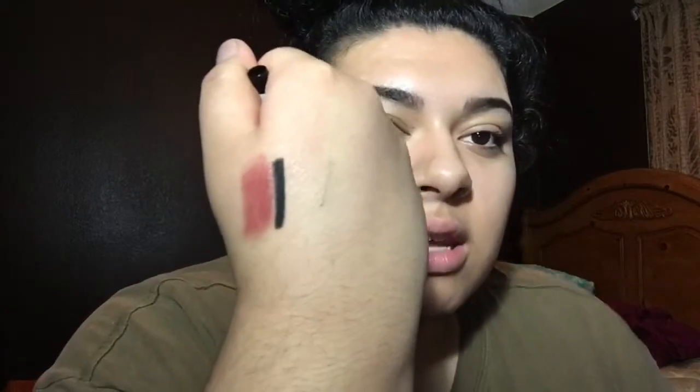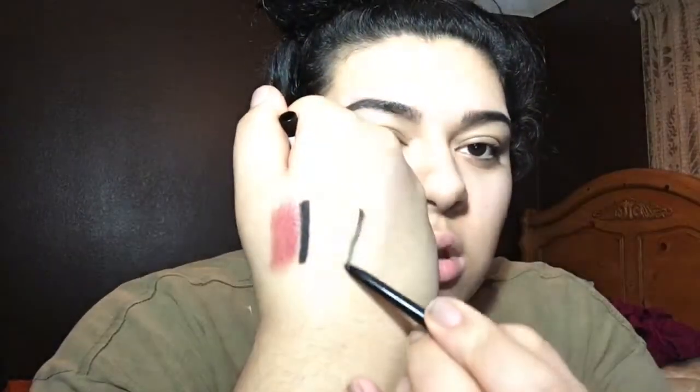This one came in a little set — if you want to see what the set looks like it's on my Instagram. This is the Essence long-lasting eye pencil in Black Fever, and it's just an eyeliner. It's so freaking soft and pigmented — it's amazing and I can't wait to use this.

- - -

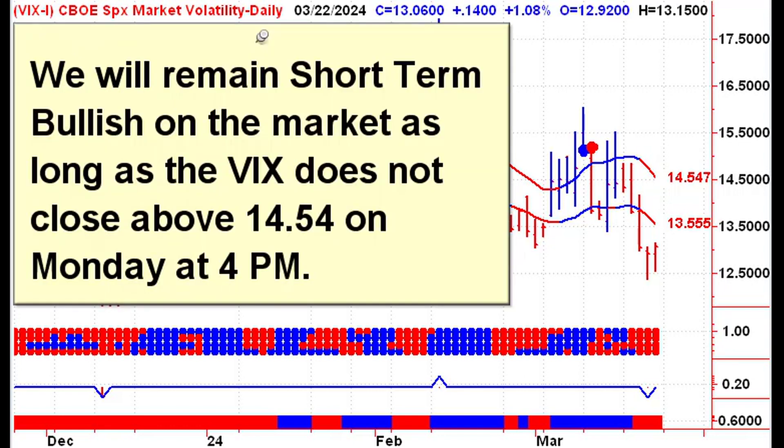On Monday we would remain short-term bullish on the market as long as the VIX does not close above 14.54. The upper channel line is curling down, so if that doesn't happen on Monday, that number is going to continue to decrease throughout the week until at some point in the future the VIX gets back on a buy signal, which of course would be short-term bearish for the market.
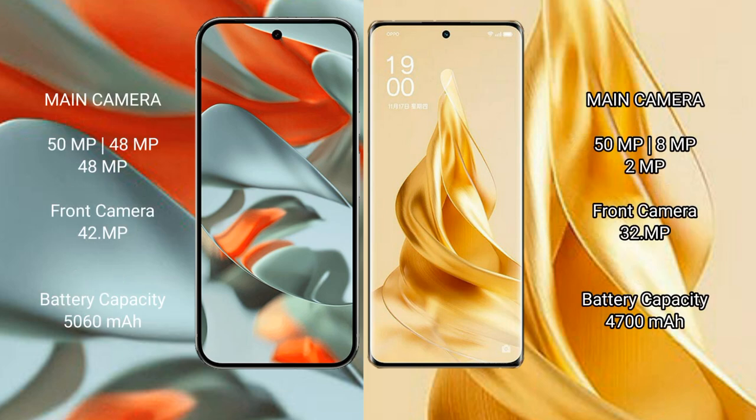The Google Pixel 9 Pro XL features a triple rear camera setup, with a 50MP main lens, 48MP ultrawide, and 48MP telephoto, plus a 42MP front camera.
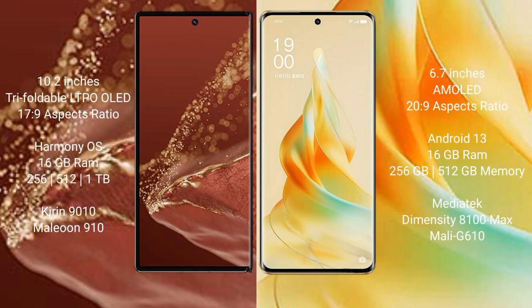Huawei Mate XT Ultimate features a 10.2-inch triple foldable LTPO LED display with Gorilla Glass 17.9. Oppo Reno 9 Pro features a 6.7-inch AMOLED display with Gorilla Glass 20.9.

- - -

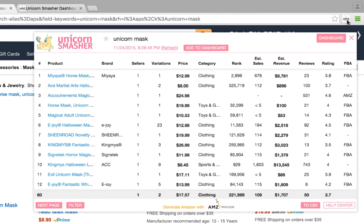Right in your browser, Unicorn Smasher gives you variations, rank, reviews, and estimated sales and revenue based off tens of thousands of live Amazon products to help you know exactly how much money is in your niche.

- - -

Of the lines above, copy only those from the one holding "The Google Pixel" to the one holding "Huawei Mate XT", both included, and exclude every image.

The Google Pixel 9 Pro XL features a triple rear camera setup, with a 50MP main lens, 48MP ultrawide, and 48MP telephoto, plus a 42MP front camera.
Huawei Mate XT Ultimate features a 10.2-inch triple foldable LTPO LED display with Gorilla Glass 17.9. Oppo Reno 9 Pro features a 6.7-inch AMOLED display with Gorilla Glass 20.9.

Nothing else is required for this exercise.